It is a principal object of the present invention to provide a new class of organic-inorganic hybrid corrosion inhibitor pigments which overcome the above discussed disadvantages related to segregation and to inhibition of coating curing processes. It is a further important object to provide organic-inorganic microcomposite hybrid corrosion inhibitor pigments which display synergistically enhanced effectiveness with respect to corrosion inhibition. In accordance with an important aspect of this invention, the multi-phase hybrid corrosion inhibitor pigments of this invention are not separable into the individual constituent phases by means of procedures such as floatation, flooding or sedimentation in suspensions.

In accordance with an important embodiment, thio-organic salts, such as Zn(MBT)2, among others, and inorganic constituents such as ZnNCN are incorporated into pigment grade organic-inorganic hybrids. The hybrids are found to possess heretofore undiscovered corrosion inhibiting properties on a wide variety of metals.
In accordance with further aspects of the invention, novel procedures are disclosed for synthesis of inorganic/organic hybrids which are in the characteristic micro-composite structural state.
It is the interface formed between the constituent organic and inorganic phases, which is a characteristic structural feature of micro-composite hybrids obtained pursuant to the present invention. As a consequence, the organic and inorganic solid phase constituents, interfaced at a micro-crystalline or "crystallite" levels, form unitary hybrids , which display typical uniphase behavior with respect to some physical properties, critical in paint applications.

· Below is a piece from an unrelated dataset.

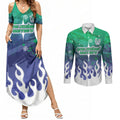 Personalized New Zealand Warriors Couples Matching Summer Maxi Dress and Long Sleeve Button Shirt Y2K Grunge Aesthetic With Cyber Flames and Starburst Graphics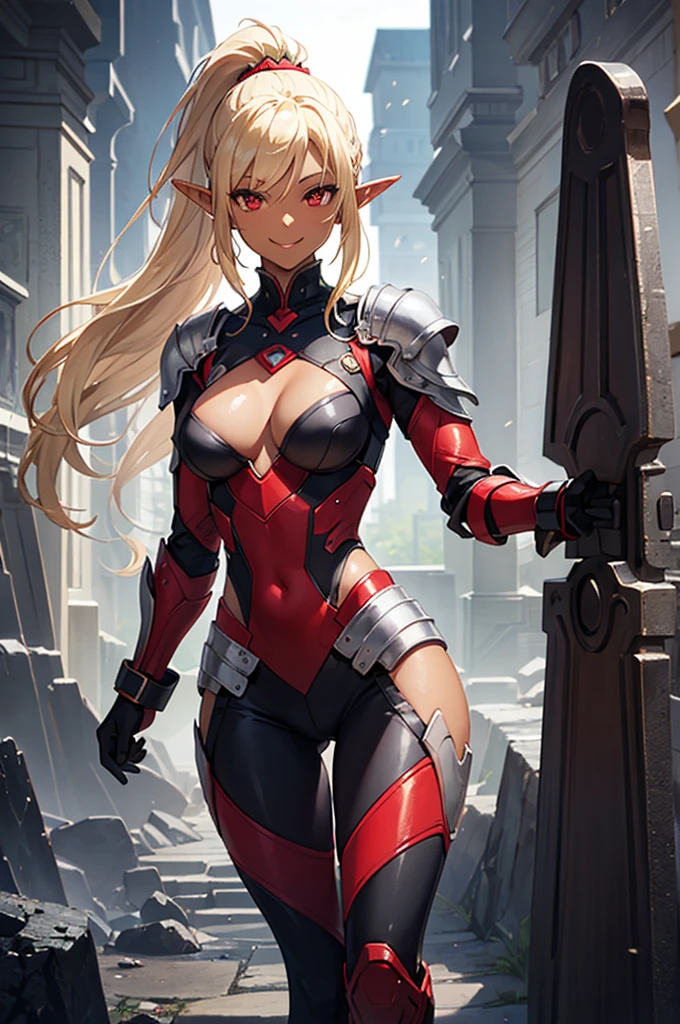 Beautiful images,Detailed Images,Official image,(Background of the base),One Woman,Blonde,Red Eyes,Ponytail Hair,Model body type,(Dark Skin:1.3),Elf Ears,Large Breasts,(Bioarmor:1.3),Smile small,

In contrast to ordinary physical multi phase organic-inorganic mixtures, finely divided pigment grade hybrids of the present invention do not segregate into phase components by physical processes such as flotation or flooding.
Importantly, such segregation does not occur when these hybrids are dispersed in liquid phases such as paint vehicles. Furthermore, as a direct consequence of pigment grade hybrid's uniphase behavior, pertinent specific gravity, pH and solubility values are approximately weighed averages of the component phase's characteristic values.

It is particularly important to note, that pigment grade hybrid products according to the present invention, and particularly those containing Zn(MBT)2, do not display cure inhibitive activity in alkyd resin based paint systems.
Consequently, they are actual pigment grade products, compatible with all paint vehicle systems, as documented hereinafter. In addition to coatings, the hybrid corrosion inhibitors of this invention have applicability to other polymer-based systems where inhibition of metal corrosion is important. For example, adhesive systems intended for use in bonding together of metals, especially aluminum in aircraft applications, can be provided with corrosion resisting properties by addition thereto of the pigment grade hybrids of this invention.
Most importantly, pigment grade hybrids produced according to the present invention display synergistic behavior with respect to metal corrosion inhibition. Manifestations of the novel pigment grade hybrids' synergistic behavior are their ability to effectively retard all of the important metals' corrosion, particularly of Fe, A1, Cu and Ag, as well as their compatibility with all paint vehicle systems, inclusive of water reducible and solvent based alkyds. More specifically, synergistic behavior with respect to corrosion inhibition is understood as the capacity of pigment grade hybrid products to display, in identical coating formulations, similar or generally enhanced corrosion inhibitive performance in comparison to state of the art corrosion inhibitor pigments typically applied on all of the above-noted metal substrates. The comparison in this sense refers to all individual phase components of related hybrid compositions, as well.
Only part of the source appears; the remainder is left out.